La Russie est passée d’un « non » catégorique à un « oui, mais ». Après avoir systématiquement bloqué depuis dix mois toute condamnation par l’Onu des crimes du régime syrien, elle a soudain proposé, hier, au Conseil de sécurité un texte condamnant la violence « perpétrée par toutes les parties, y compris l’usage disproportionné de la force par les autorités syriennes ».

Dénonçant également « l’approvisionnement illégal en armes des groupes armés en Syrie », ce texte fait comme si les responsabilités étaient partagées dans ce drame et comme si ce n’était pas le régime de Bachar al-Assad qui faisait tirer, depuis mars, sur des manifestations pacifiques.

Ce projet de résolution est biaisé mais la Russie n’en vient pas moins de bouger en mettant en cause les autorités syriennes et c’est là l’important car ce revirement modifie la donne. La Russie a maintenant compris que le clan Assad, dénoncé et sanctionné par la Ligue arabe, la Turquie, l’Europe et les Etats-Unis, ne pourrait pas tenir face à la détermination des Syriens. La Russie a compris que ce régime allait dans le mur et qu’à rester la seule des grandes puissances à le soutenir avec la Chine, elle compromettrait les intérêts qu’elle a dans ce pays et tout ce qui peut lui rester, aussi, d’influence régionale.

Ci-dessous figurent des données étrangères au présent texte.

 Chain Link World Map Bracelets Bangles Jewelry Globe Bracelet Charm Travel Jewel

Parce qu’il déteste ces manifestations arabes qui font tomber les dictatures en série et donne – on le voit bien aujourd’hui – des idées à son propre peuple, parce qu’il se méfie autant que la Chine de cette contagion démocratique, Vladimir Poutine aurait cent fois préféré que Bachar al-Assad puisse écraser cette révolution mais il s’est trompé, comme souvent.

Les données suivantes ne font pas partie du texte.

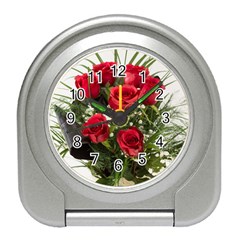 Red Roses Roses Red Flower Love Travel Alarm Clocks by Amaryn4rt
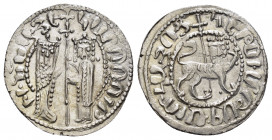 CILICIAN ARMENIA.Hetoum I with Zabel.(1226-1270).Sis.Tram.

Obv : Zabel and Hetoum standing facing, holding long cross with two banners between; pel...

En s’obstinant à protéger ce régime, il lui a donné l’illusion qu’il pourrait s’en sortir sans vraies concessions. Il a ainsi contribué à créer la situation de non-retour à laquelle la Syrie en est maintenant arrivée mais il tente, avec ce projet de résolution, d’exercer une pression sur la famille Assad afin de l’amener à des gestes d’ouverture.

La Russie tente de sortir de son isolement et de redevenir l’acteur que son aveuglement l’a empêché d’être mais c’est trop tard. Même les plus modérés des opposants syriens ne veulent plus négocier quoi que ce soit avec ce pouvoir qui est bien au-delà de la perte de légitimité.

L’heure n’est plus aux médiations. Elle est au départ de ces criminels mais si la France et les Etats-Unis ont pourtant salué cette évolution de la diplomatie russe, c’est qu’il ne fallait pas, dans les équilibres onusiens, que l’intransigeance paraisse changer de camp, que ce texte permet au Conseil de sécurité d’engager des tractations et, peut-être, on verra, d’obtenir de Vladimir Poutine qu’il fasse des pas supplémentaires en acceptant les amendements que les Arabes et les Occidentaux proposeront.

Si c’est le cas, tant mieux. Si ça ne l’est pas, le pouvoir syrien aura tout de même senti que l’appui de la Russie ne lui était déjà plus acquis.